Nella sua profonda dimensione terrena, ad ogni modo, conserva dei tratti non meglio identificabili o definibili che ci inducono a riscoprirla come Maria di Magdala, Maria di Betania o l’anonima peccatrice che si prostra ai piedi del Signore per ungerli ed asciugarli con la sua fluente chioma. O in tutte le situazioni come la stessa persona.
Tutti questi dati, queste sollecitazioni, hanno indubbiamente ispirato in grande parte gli artisti e le loro opere, rendendo vasta ed articolata anche la sua iconografia. La storia molfettese, in tale contesto, non è priva di tradizione e aspetti interessanti, considerando che della santa si contano almeno cinque edizioni dei simulacri in due secoli e limitatamente del “Purgatorio” legati ai riti della Settimana Santa.

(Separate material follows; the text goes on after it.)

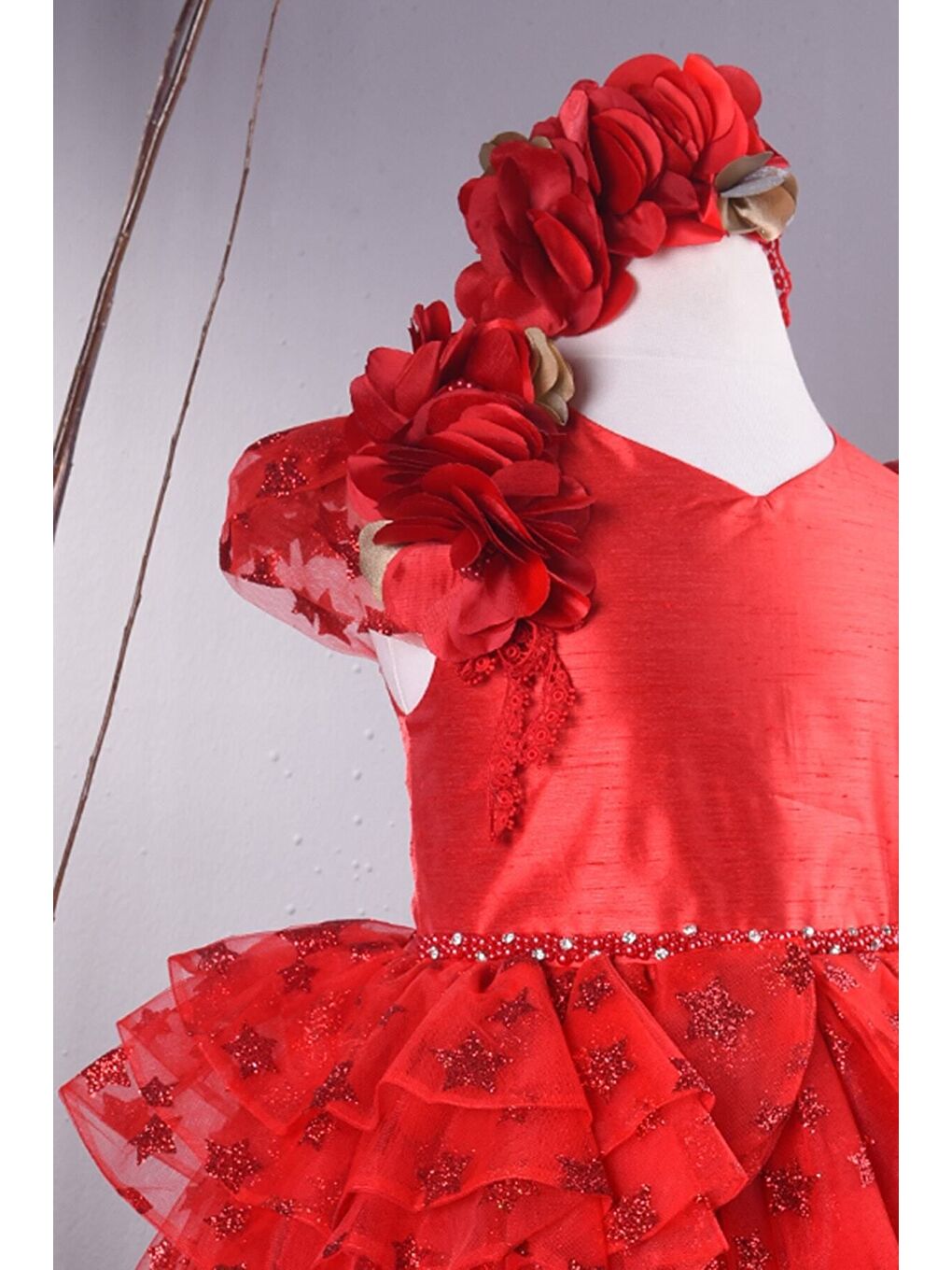 Özel Tasarım Kız Çocuk Elbise, Kırmızı Çantalı, Çocuk Yılbaşı Elbisesi, Doğum Günü Elbisesi_M1908-4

Due gli approfondimenti previsti su questi temi presso l’Auditorium “A.Salvucci”: sabato 16, ore 19.00, il prof. Don Sebastiano Pinto interrogherà i testi sacri per leggere i caratteri identitari della santa. Sabato 23, sempre alle 19.00, la dott.ssa Maria Raffaella La Grasta ne approfondirà l’iconografia. Non mancheranno studi sul restauro e sull’impegno dell’Arciconfraternita della Morte, la cui storia nasce proprio con la devozione nei confronti di Santa Maria Maddalena. Da sempre attenta e consapevole del patrimonio di fede connesso ai simulacri, siano essi lignei o in cartapesta, la confraternita ha inteso impegnarsi nel restauro della più antica effigie conservata sino ad oggi, volendo cogliere l’occasione per approfondire le tematiche ad essa connessa, anche in prospettiva dell’anniversario del suo quattrocentesimo anno dalla fondazione.

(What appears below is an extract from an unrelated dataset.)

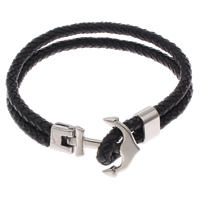 Men Bracelet, Stainless Steel, with PU Leather, Anchor, nautical pattern, black Approx 9 Inch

La collaborazione con il Museo Diocesano ha inoltre consentito di riscoprire l’originaria composizione dell’opera settecentesca, rivelando un immagine ben diversa da quelle a cui siamo abituati. La santa, avvolta da una stuoia di sacco e resa leggiadra da un classico drappo di stoffa, lascia che il suo corpo sia solo in parte ricoperto dai lunghi capelli. Preminenti e dirompenti il simbolo del memento mori e l’indicazione della salvezza, nella croce sollevata verso l’alto. Nessuna delle successive opere sarà così carica di significato, nessuna così intensa per i simboli e gli attributi di cui si correda.

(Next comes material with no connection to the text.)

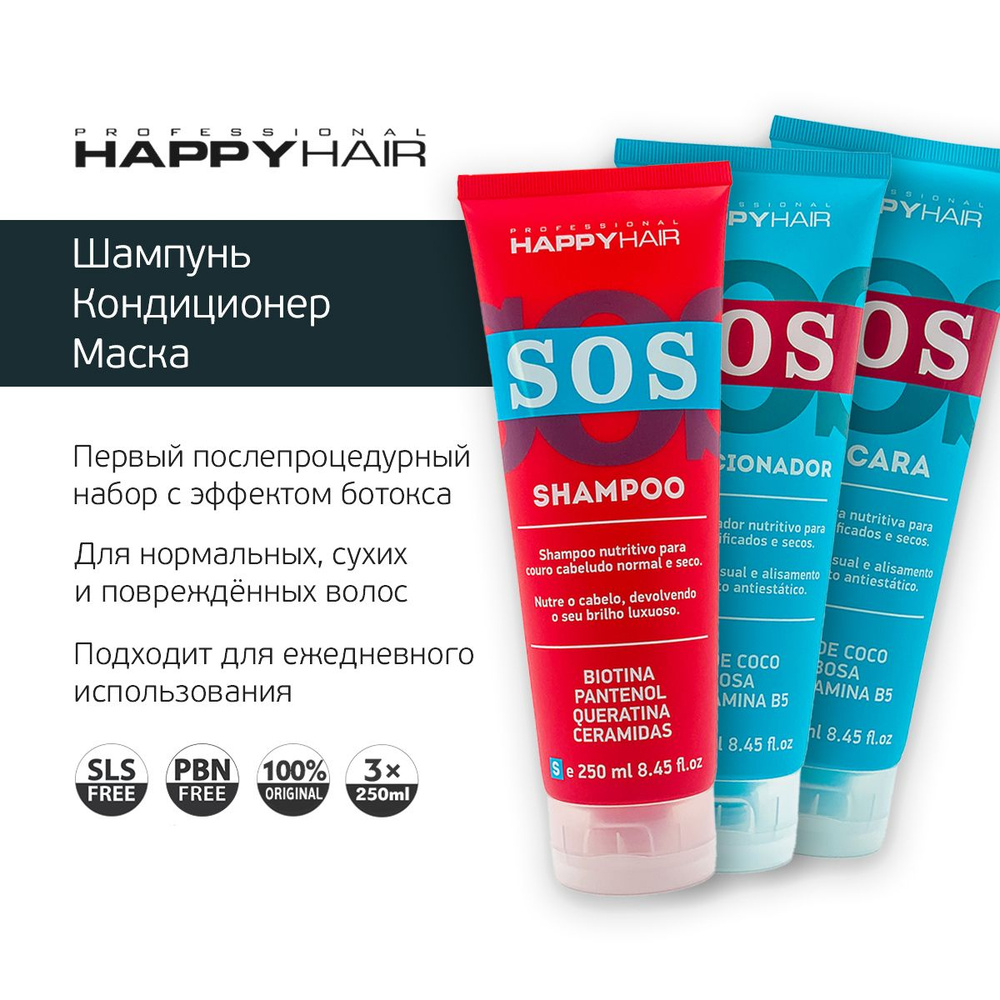 Happy Hair SOS Бессульфатный Шампунь, Кондиционер и Маска для волос  #1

Nella storia, in vero, un’altra statua della Maddalena, la prima di Giulio Cozzoli, sembrerà per l’epoca in cui fu realizzata sin troppo pregna di intensità, a tal punto da non essere considerata opportuna per la processione. Quest’ultima, gentilmente concessa dalla famiglia degli eredi del grande maestro molfettese, e la scultura settecentesca saranno esposte nelle sale della Pinacoteca del Museo Diocesano, quale contributo all’approfondimento della figura evangelica della Maddalena ed alla meritoria azione di recupero e valorizzazione del patrimonio storico, artistico e di fede.